You answered your own question: I love this team.

I’m not some ass-wagon who gets paid money to sit in some chair all day and write something controversial to drive web traffic and create a buzz while riling up a fan-base. I don’t intentionally want to make you hit your monitor by being a contrarian. People get paid money to make themselves look like an idiot. I’m not one of them.

But I’m not the narrow-minded jack-off who hits you up on Twitter and tells you “COUNT THE RINGZ” to defend  any and all arguments regarding Kobe Bryant, as if I’m your annoying 7-year old brother who is a passionate basketball fan, but has yet to develop a brain to properly watch the sport at a deeper level.

This is me, being a Laker fan, and telling you that I would like to see Kobe Bryant’s ass shipped out of Los Angeles.

I’m not the only Laker fan who thinks this, either. It seems, though, that the idea of trading a player who has worldwide popularity but is on his way towards a serious decline, all while eating up 33% of the Lakers’ payroll annually is something that no one wants to say explicitly.

Kobe’s an icon, here in L.A. If you’re up at a gym or a park with a hoop or, hell, in your office with a wastebasket, and someone hoists a shot, you’re bound to hear the “KOBE!” tribal yell, as if fading away off one leg from 30 feet out is the coolest-ass thing you can do. And it is, because Kobe made it that way. If there’s a player that has defined the era of basketball watched by people born in the late-80s and early-90s, it’s Kobe Bryant.

But the model of keeping a good team around Bryant versus a good team including Bryant?
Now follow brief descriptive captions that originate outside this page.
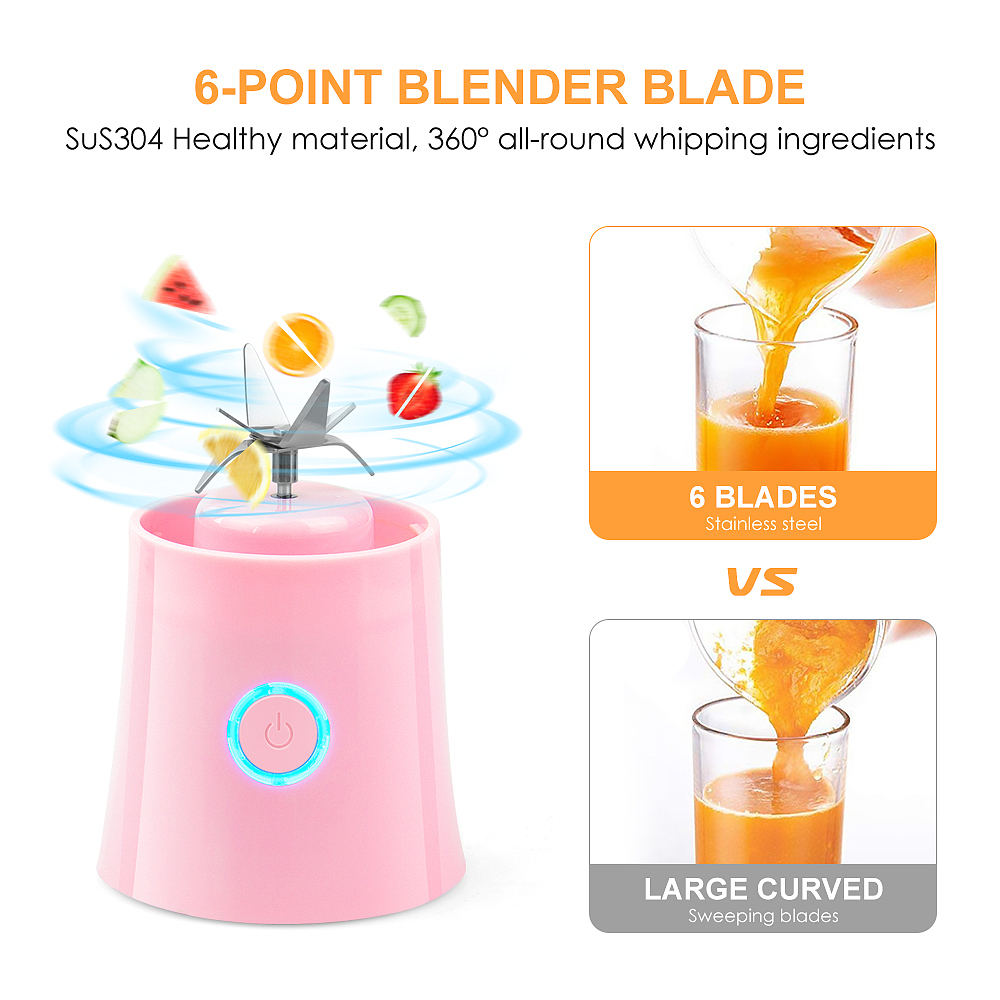 亚马逊榨汁机主图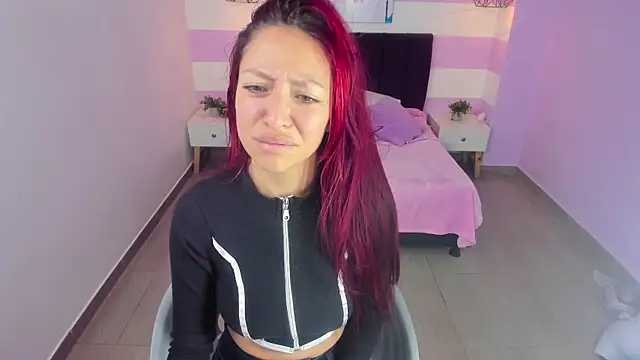 Snapshot of Scarlett__bell chatting on 02.28.26 Scarlett bell online show from 02.28.26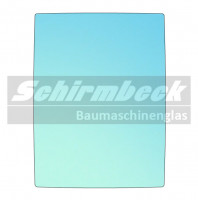 FRONTSCHEIBE OBEN FRONTSCHEIBE OBEN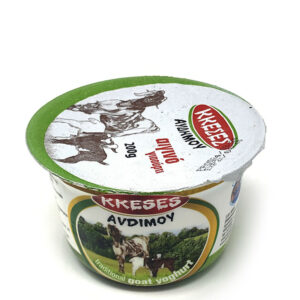 Keses Goat’S Yoghurt 200gr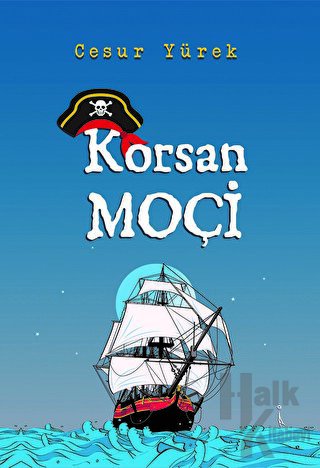 Korsan Moçi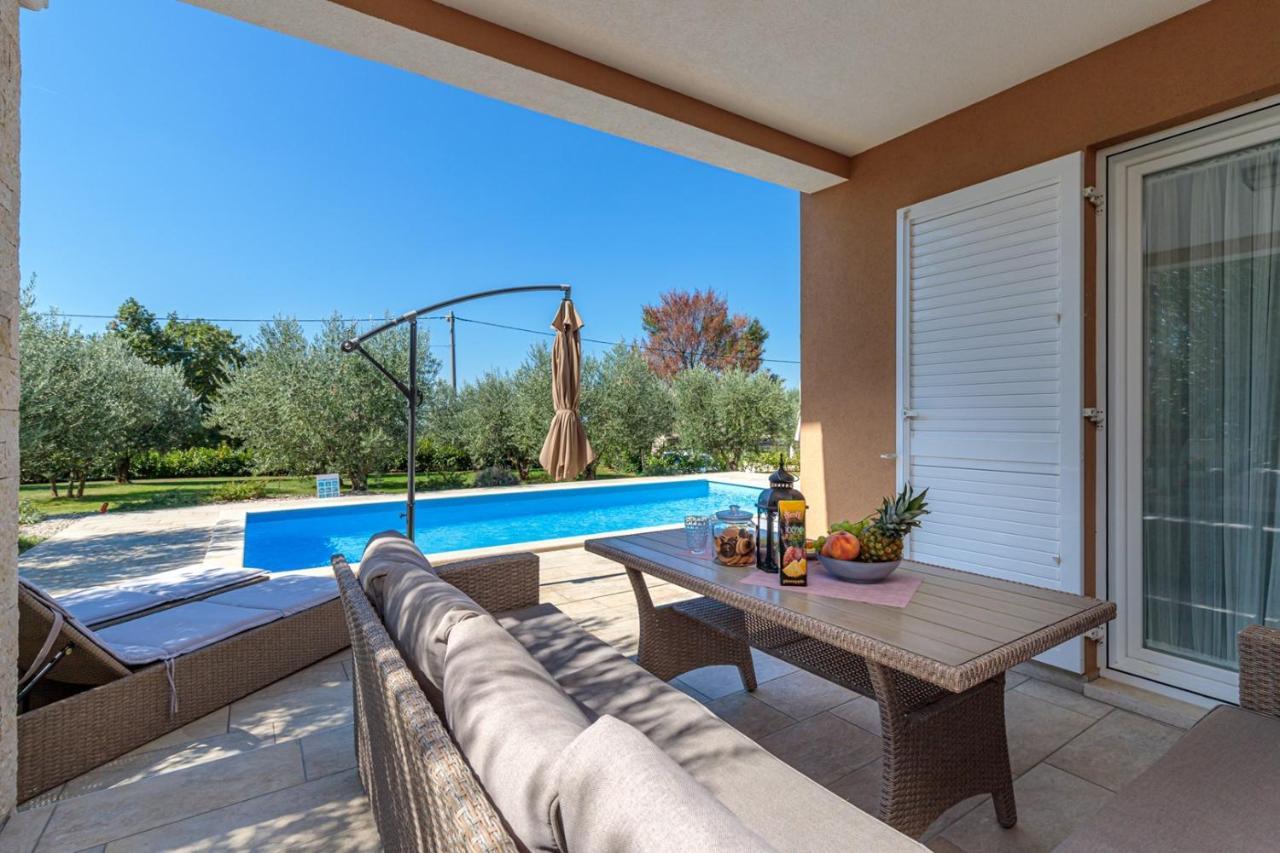 Selina Villa Terlevic מראה חיצוני תמונה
It’s a flawed model, and one that Laker fans — not Kobe fans — need to realize is horribly stupid.

But even further, the notion that the Lakers need to build for a post-Kobe era is difficult as hell when the player whose departure you’re preparing for is crippling you financially. If you have a player whose shot selection is consistently suspect while not caring that it is, and one that talks a lot about winning another championship but refuses to adjust his game to do so, all while “earning” $28 million a year and forcing out All-Stars left and right? Is it really worth holding off on getting started on rebuilding immediately, and screwing around for the two years left on Kobe Bryant’s contract while we consistently get knocked out of the second round to superior teams because said superstar can’t rein in his ego enough to make a friggin’ entry pass to a player who is likely better than he is (in spurts, admittedly) late in games, in Andrew Bynum? Hell no it isn’t.
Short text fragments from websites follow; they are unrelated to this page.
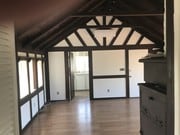 Living Room - 2324 Lake Shore Ave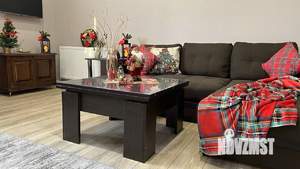 Дом 50м², 1-этажный, посуточно, 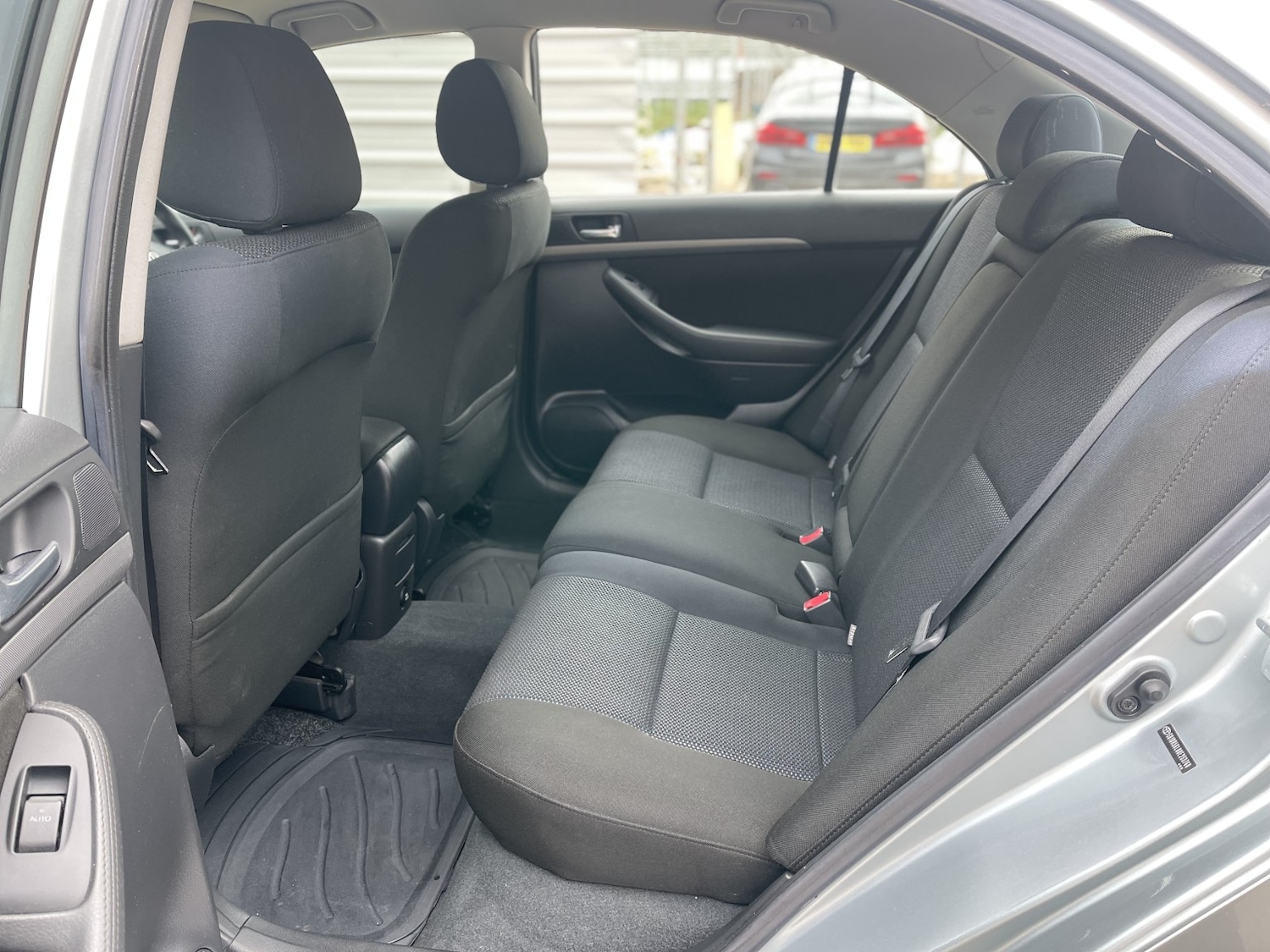 Used Toyota Avensis 2008 for sale - 76547877: Photo 37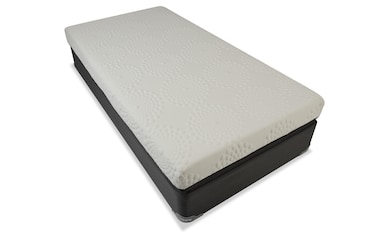 Bob-O-Pedic 6.5'' Twin Firm Standard Mattress Set | Bob's Discount ...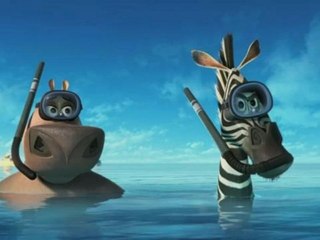 Watch Madagascar 3 Europe’s Most Wanted (2012) - Full Movie Online - Part 1/10 - HD Version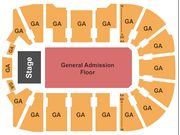 Total Mortgage Arena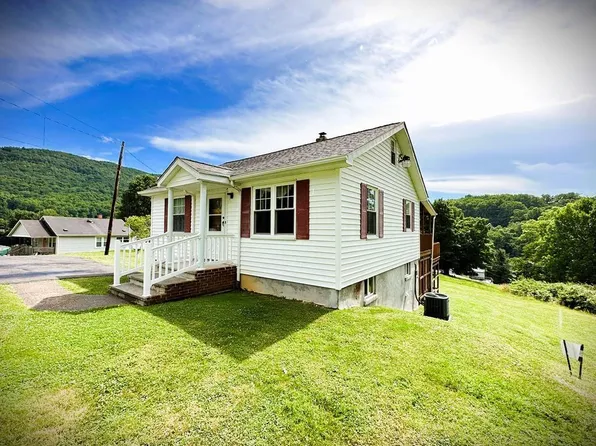 2616 Marellan Ave, Bluefield, WV 24701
Because Kobe has become frustrating to watch. Stupid shots and “I don’t play for your approval” (although he plays for our entertainment) mentality makes it blood-boiling to know this guy is dressing in Purple and Gold. His ego has gotten to the point where him making a single, ridiculous shot has led to a flurry of more ridiculous shots that should never go in (and, following the initial success, rarely do anymore). The idea that he can “take over games” is a tired one, and one that has led to him taking those games in the wrong direction.

And this season, statistically, backs up all this rambling. This season, Kobe hoisted up more shots than any point in his career, save for his first season in the playoffs without Shaq (2005-06), and that was when Kobe really had marginal talent surrounding him, with the only worthwhile player of that mini-era being Lamar Odom. And at 23 shots a game, Kobe shot at a 43 percent clip, the lowest since he was 19 years old (he’s 33 now), all while maintaining the highest usage rate of his career at 35.7 percent (again, aside from the ’05-06 season). To add to that, he’s stood pat in the Assist Ratio category too (although this year’s number is insignificantly his worst since 2000-01) In essence, he’s eating up more possessions and wasting them, at the same time.
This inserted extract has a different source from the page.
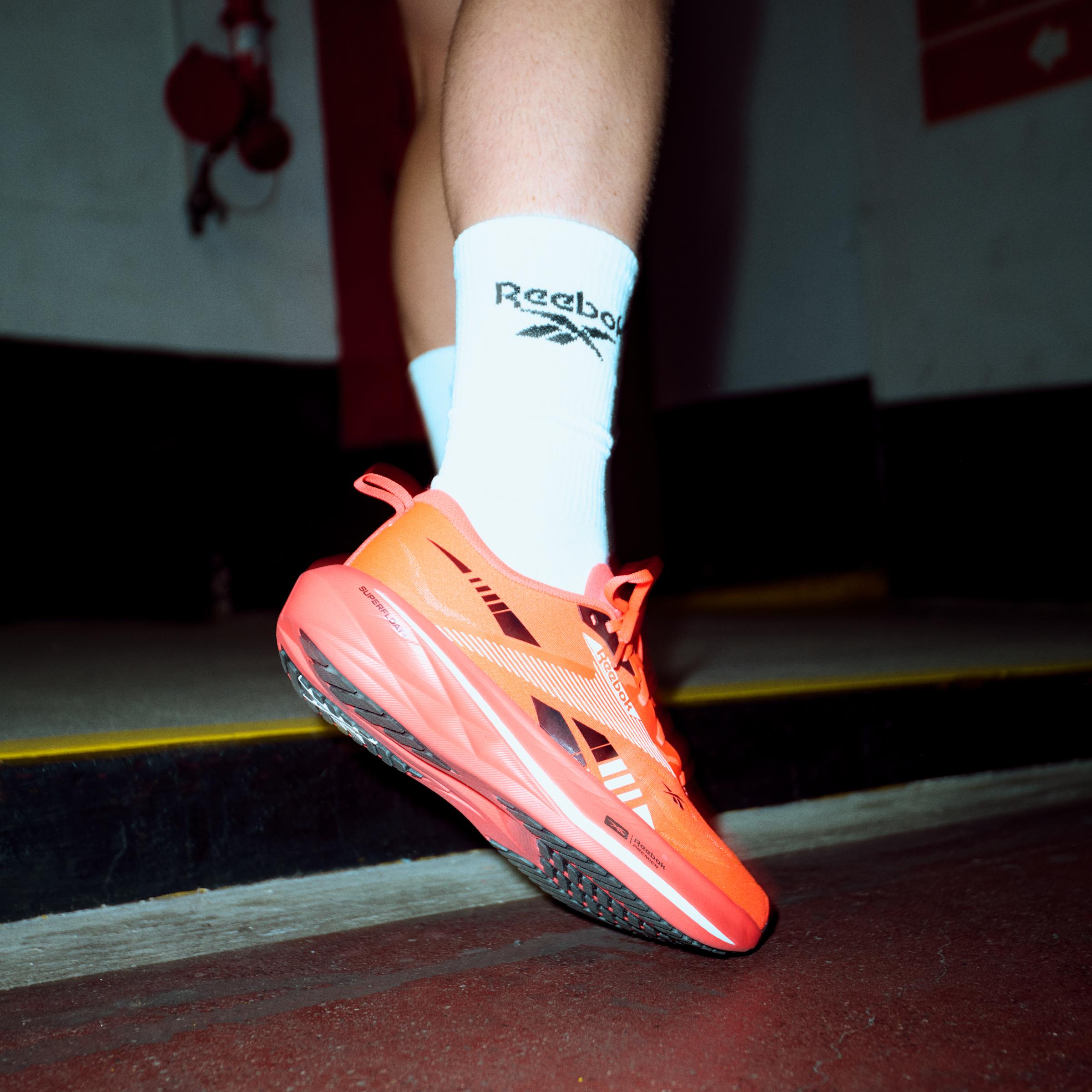 Float Premier Men's Neon Cherry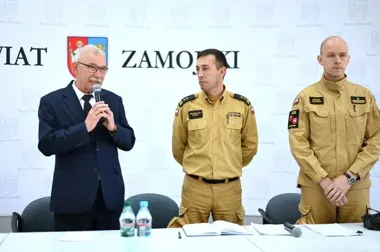 Szkoły i samorządy szkolą się na wypadek zagrożenia z powietrza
All while walking around El Segundo as if there is no reason for him to step back and let others dominate, refusing to be relegated to the second option on the team, where he’ll fit gorgeously at this point in his career.

And this is the dilemma we’re facing with Kobe Bryant, because any other player that wants to come here must become the second option. And though most won’t have an issue with this, it’s bad for the basketball in Downtown LA, because it’ll be the same trash we saw in the playoff series with the Oklahoma City Thunder, where Kobe plays absolute hero ball while ignoring his new-found second option.

This worked in 2010, but it barely worked. Save for the Lakers’ demolishment of the Utah Jazz, L.A.’s model of living and dying by Kobe failed, and it was up to his teammates to bail his ass out (ironic how fast things change, don’t they?). From a late-game Pau Gasol tip-in against OKC, to a last-second recovery by Ron Artest, to a godawful 6-for-24 performance in Game 7 of the 2010 NBA Finals, the idea that Kobe Bryant can take over games by himself is an irresponsible one.

Of course, rabid “Laker fans” (let’s call them “Kobe fans” since that’s a more accurate description) will interpret it like an immature child and say, “YEAH, WELL WE DON’T WIN THOSE CHAMPIONSHIPS WITHOUT KOBE” as if I’ve somehow meant that Kobe should’ve been traded in 1999 or some crap like that.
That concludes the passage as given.